Hypothesis Testing Framework
Suppose we draw independent $X_1,\ldots,X_n\sim p(X;\theta)$, and we want to test whether the parameter $\theta$ is in some set. For simplicity, we denote $X_1,\ldots,X_n$ by $X_{1:n}$. We formalize this by stating a null hypothesis $H_0$ and an alternative hypothesis $H_1$: $$H_0:\theta\in\Theta_0\text{ v.s. }H_1:\theta\in\Theta_1.$$ where $\Theta_0\cap\Theta_1=\varnothing$. If $\theta_0$ consists of a single point, we call this a simple null hypothesis. If $\theta_0$ consists of more than one point, we call this a composite null hypothesis.

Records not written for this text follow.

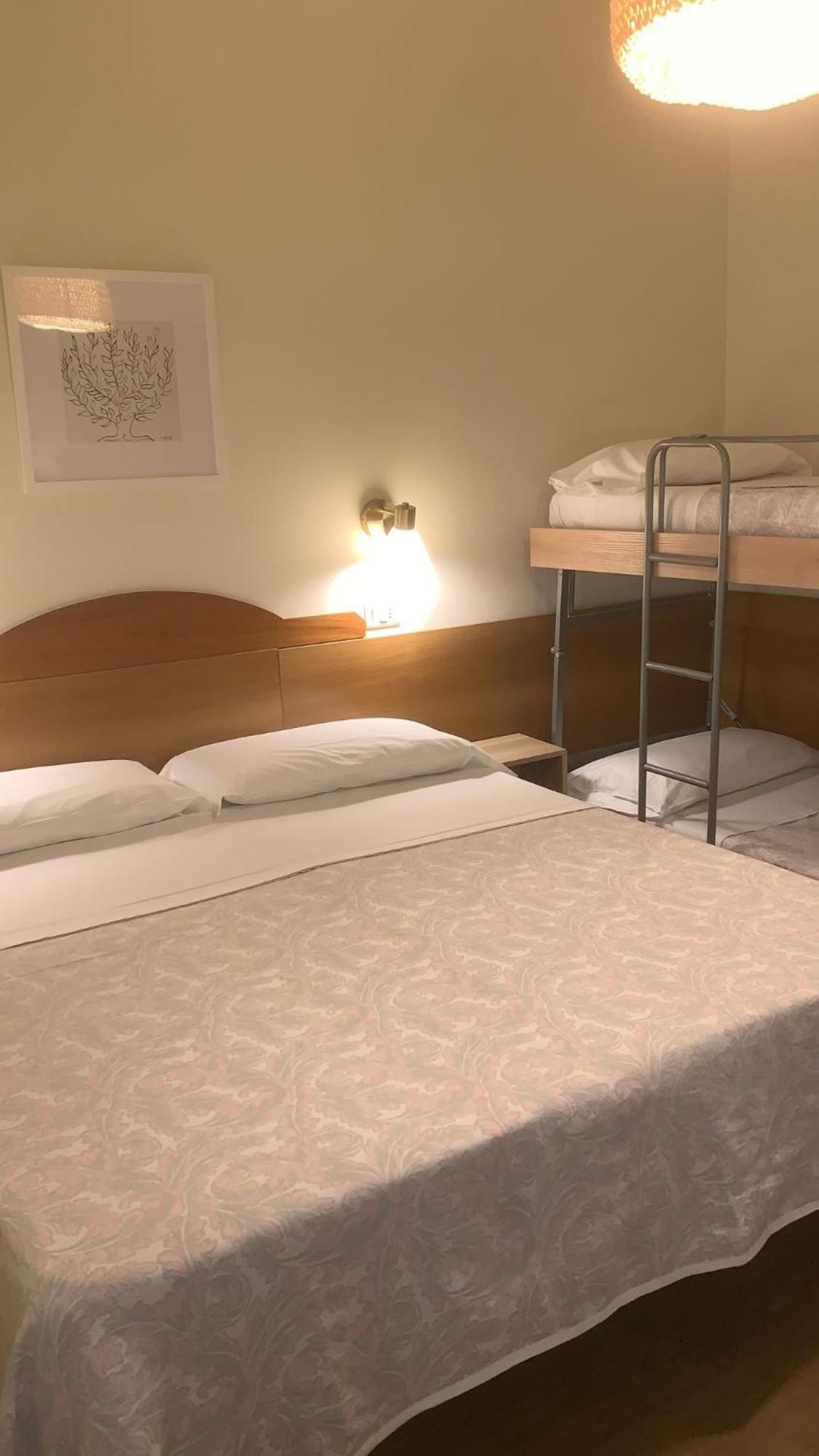Hotel Rosati Rimini Kültér fotó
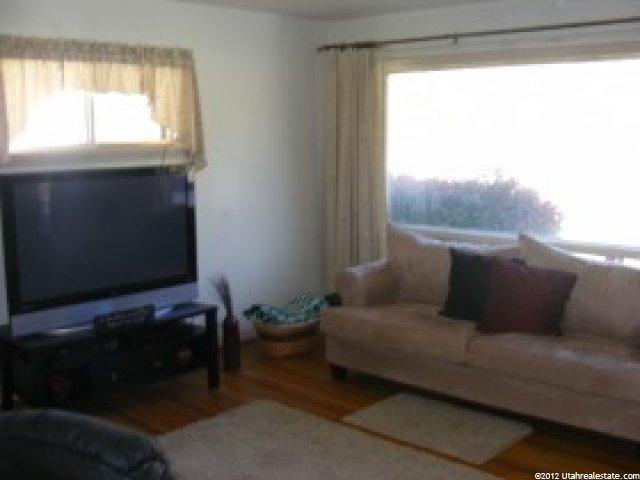 217 Porter Ave, Ogden, UT 84404 — photo 2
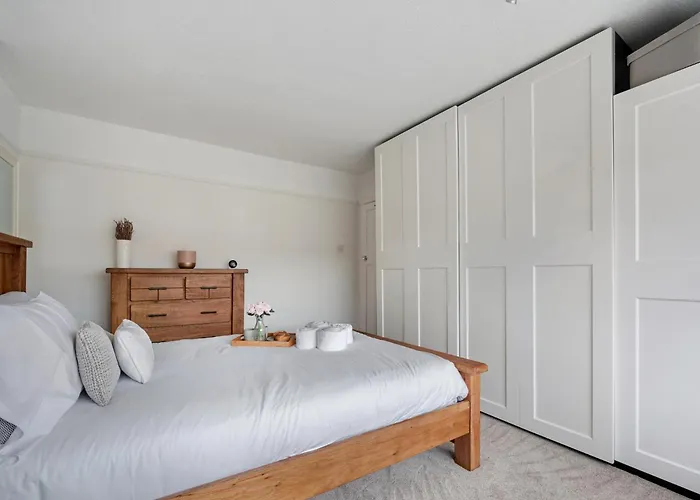 Pass The Keys Picture Perfect Haven In Didsbury Village - Free Parking & Ev Station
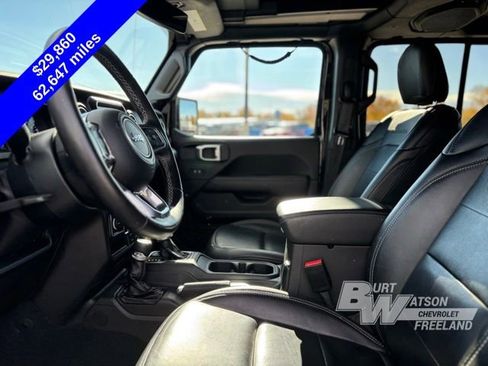 Used 2022 Jeep Wrangler Unlimited Sahara 4xe w/ Cold Weather Group image 10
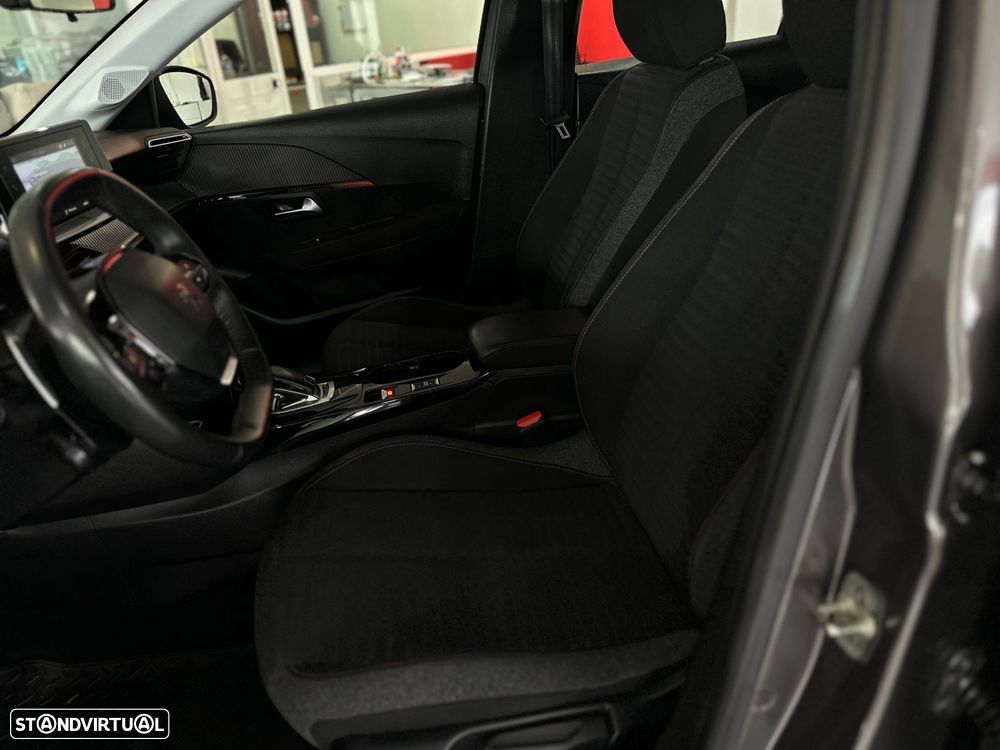 Peugeot 208 - 26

We can define simple and composite alternative hypotheses analogously.
The outcomes can be:
| $\ $ | Not reject $H_0$ | Reject $H_0$ |
|---|---|---|
| $H_0$ true | $\ $ | Type I error (false positive) |
| $H_1$ true | Type II error (false negetive) | $\ $ |
In general, our goal will be controlling the type I error up to some level $\alpha$, while trying to maximize the power = 1 - Type II error when $H_1$ is true.
Hypothesis testing involves the following steps:
- Choose a test statistic $T_n= T(X_1, \ldots , X_n)$.

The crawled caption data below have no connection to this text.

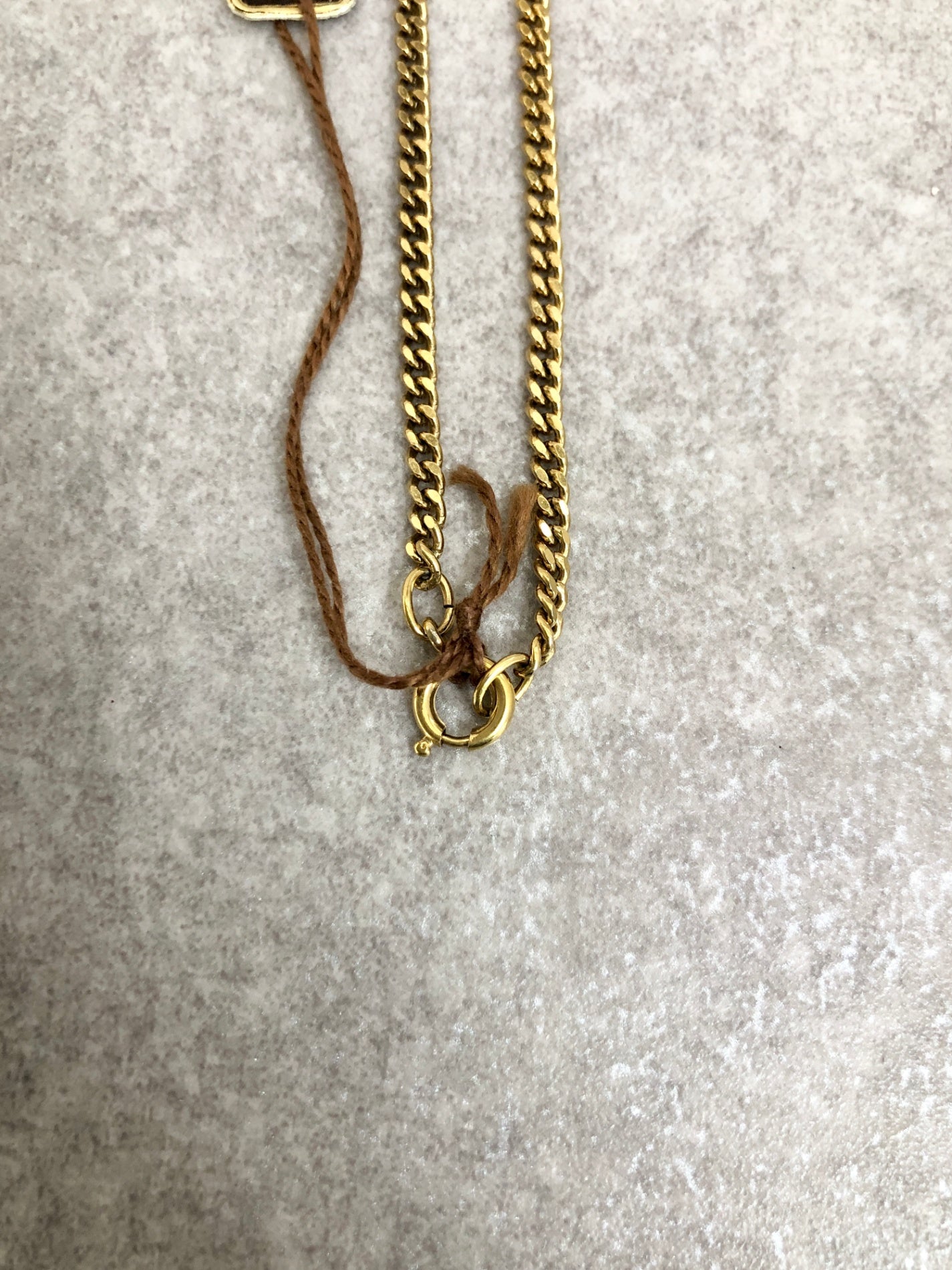 CELINE Blason Necklace Gold Vintage v6ajm5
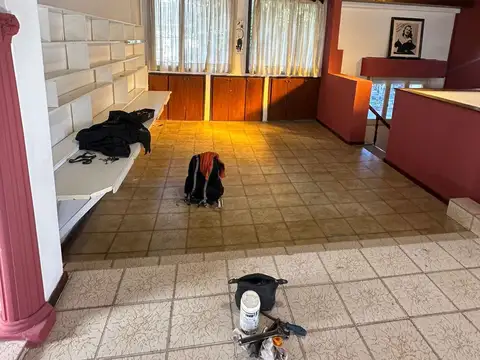 Depto Tipo Casa en Alquiler de 3 ambientes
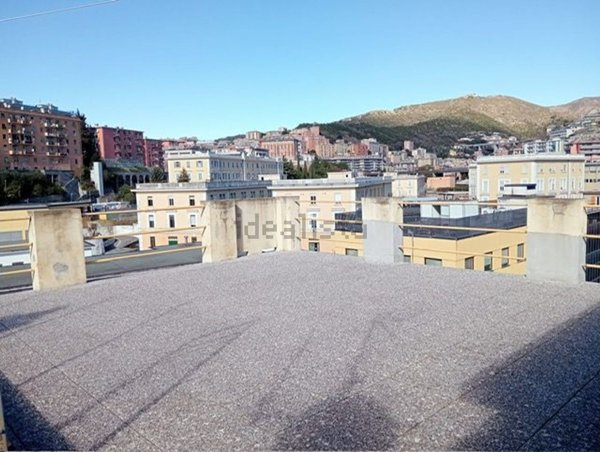 appartamento in vendita a Genova in zona Sturla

- Choose a rejection region $\mathcal{R} \subseteq \mathcal{X}^n$ which is related to $T_n$.
- If $(X_1, \ldots , X_n) \in \mathcal{R}$ we reject $H_0$ otherwise we retain $H_0$.

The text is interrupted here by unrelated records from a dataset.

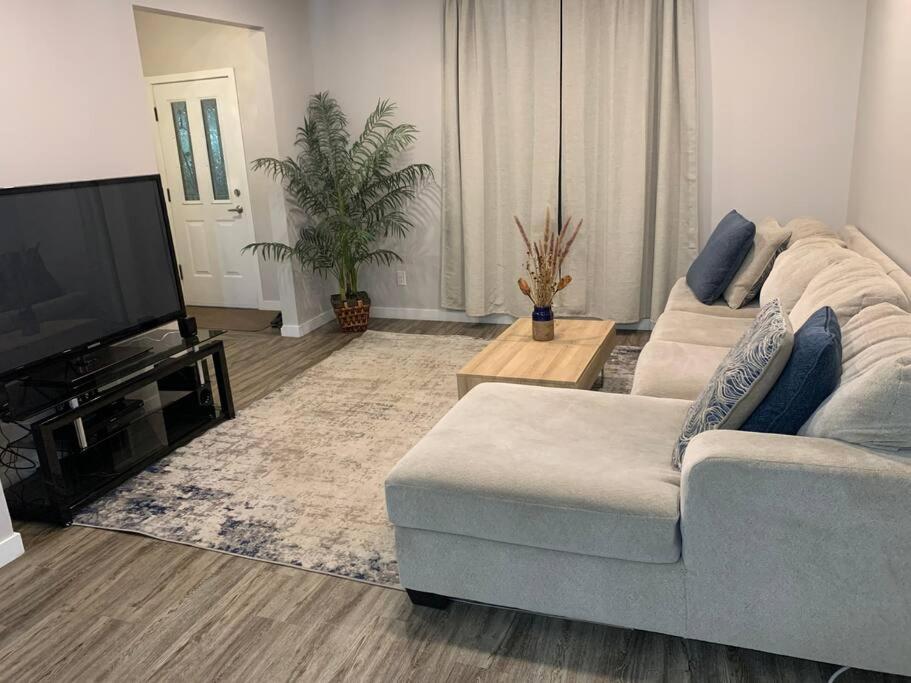 Sleek 3 bedroom home close to Exchange W parking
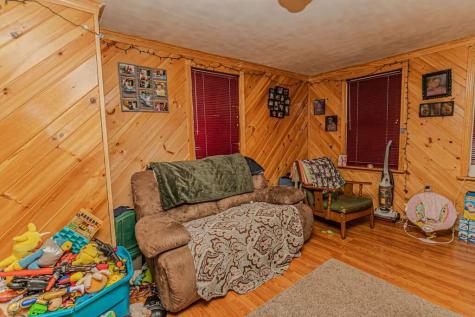 29 Cross Street Wilton ME 04294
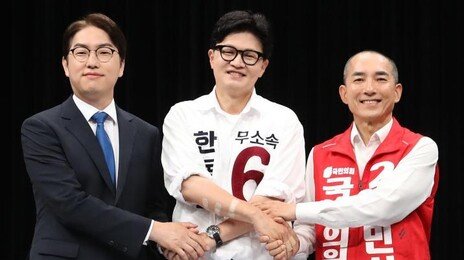 하정우-박민식 vs 한동훈… 2 대 1 난타전 된 ‘부산 토론회’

We need to choose $T$ and $R$ so that the test has good statistical properties.
Evaluation of Tests
We define the power function by $$\beta(\theta)=\mathcal{P}_{\theta}(X_1,\ldots,X_n\in\mathcal{R}).$$ Thus, we want $\beta(\theta)$ to be small when $\theta\in\Theta_0$ and to be large when $\theta\in\Theta_1$.
A test is size $\alpha$ if $\sup\limits_{\theta\in\Theta_0}\beta(\theta)=\alpha$ and is level $\alpha$ if $\sup\limits_{\theta\in\Theta_0}\beta(\theta)\leq\alpha$.
The $p$-value is the smallest $\alpha$ at which we would reject $H_0$. Hence, to test at level $\alpha$, we reject when $p < \alpha$.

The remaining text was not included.